In this release, Compuware continues to make it easier for DevOps teams to satisfy, even exceed the continuous integration and deployment demands associated with Agile computing. Mainframe shops will find it significantly easier to make the “shift left” for improved and extended performance testing starting much earlier and extending longer through the development lifecycle.
Specifically:
  • A Jenkins plugin for Strobe helps manage automated testing throughout the DevOps process.
  • A Strobe REST API easily integrates automated test routines to that detect performance problems as part of a Jenkins CI/CD (or other CI/CD tools) pipeline.
  • Development teams can easily automate running customized performance measurements as part of their daily development activities.
  • Compuware ISPW, Topaz for Total Test and Strobe can be leveraged together within a CI/CD pipeline. 


In short, by using common shared APIs and selective integration, Compuware makes it easy to collect a performance measurement as part of a CI/CD pipeline. This is in keeping with their extensive efforts to provide easy access (and frequently) full integration with popular non-Compuware DevOps tools and solutions.

What’s the benefit?

Shift-left performance testing allows teams to improve their agility, deliver higher-quality applications, reduce development costs and deliver better customer experiences. Integration ensures applications are thoroughly performance-tested before being released as production ready. The increased integration and access to more comprehensive data collection, analysis and shared communications facilitates development and operations team interaction.

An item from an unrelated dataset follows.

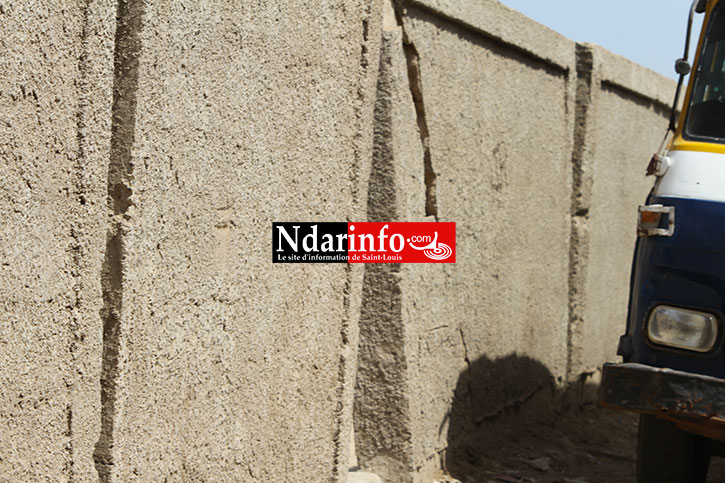 SAINT-LOUIS : les cimetières de Thième et Thiaka Ndiaye vandalisés sans vergogne. Regardez ! SAINT-LOUIS : les cimetières de Thième et Thiaka Ndiaye vandalisés sans vergogne. Regardez !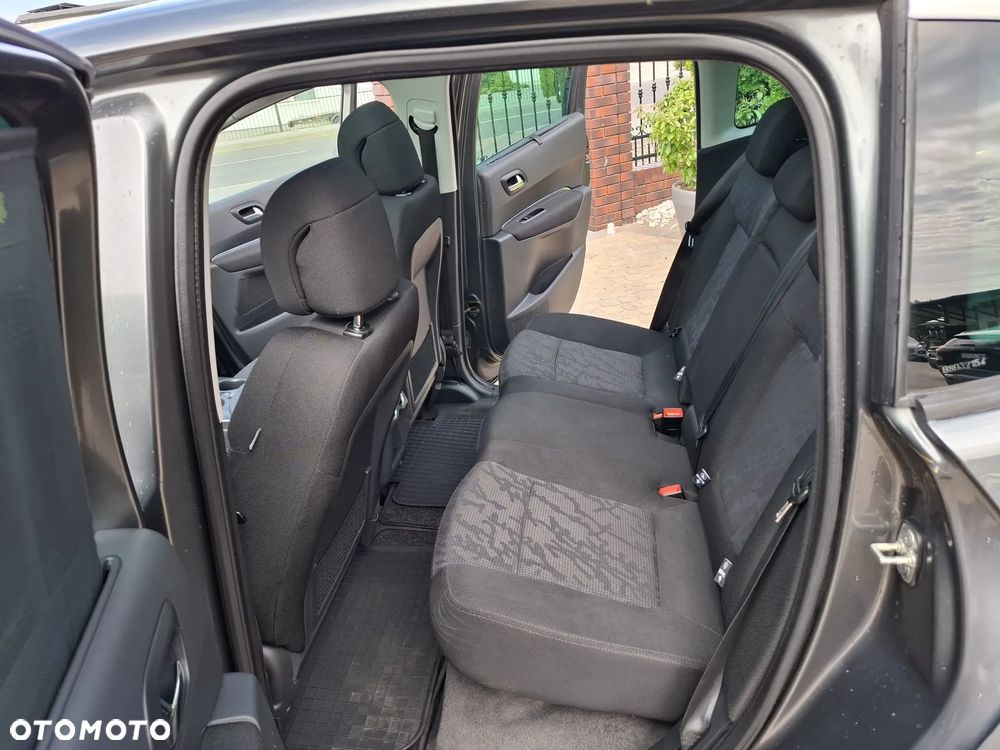 Peugeot 3008 1.6 HDi Premium - 12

This leads to more profitable and efficient exchange of useful insightful information. Teams can be alerted to broken or inefficient processes, poor code that wastes resources, low performance applications that need tuning, etc. Actionable data and information communications lead to closer collaboration which means fewer, shorter disruptive interruptions that decrease efficiency and productivity. Both operations and development learn from each other and become more effective, efficient and productive at producing solutions that provide exceptional customer experiences.

The Final Word

This marks the 22nd consecutive quarter that Compuware has delivered on its commitment to provide solutions, services and partnerships that will improve overall agility, deliver higher-quality applications, lower development costs and result in a better experience for customers.  

They have proven their ability to deliver enhanced product integration and automation to the task of creating and implementing innovative IT solutions and services. This time their efforts have significantly extended performance testing, which will directly lead to improved application development agility and increased productivity, thereby reducing time-to-market. Early defect detection, exposure and correction of inefficient code and processes leads to better product quality with accelerated innovation which then leads to an exceptional customer experience.




[1] The service is free for Compuware’s maintenance-current customers.
[2] Flowchart illustrations showing processes flowing from left to right. Moving a task earlier in the process flow was a “shift left”. The term was coined in the 1950’s.
[3] Research conducted by Vanson Bourne. Based on a global survey of 400 senior IT leaders responsible for application development in organizations with a mainframe.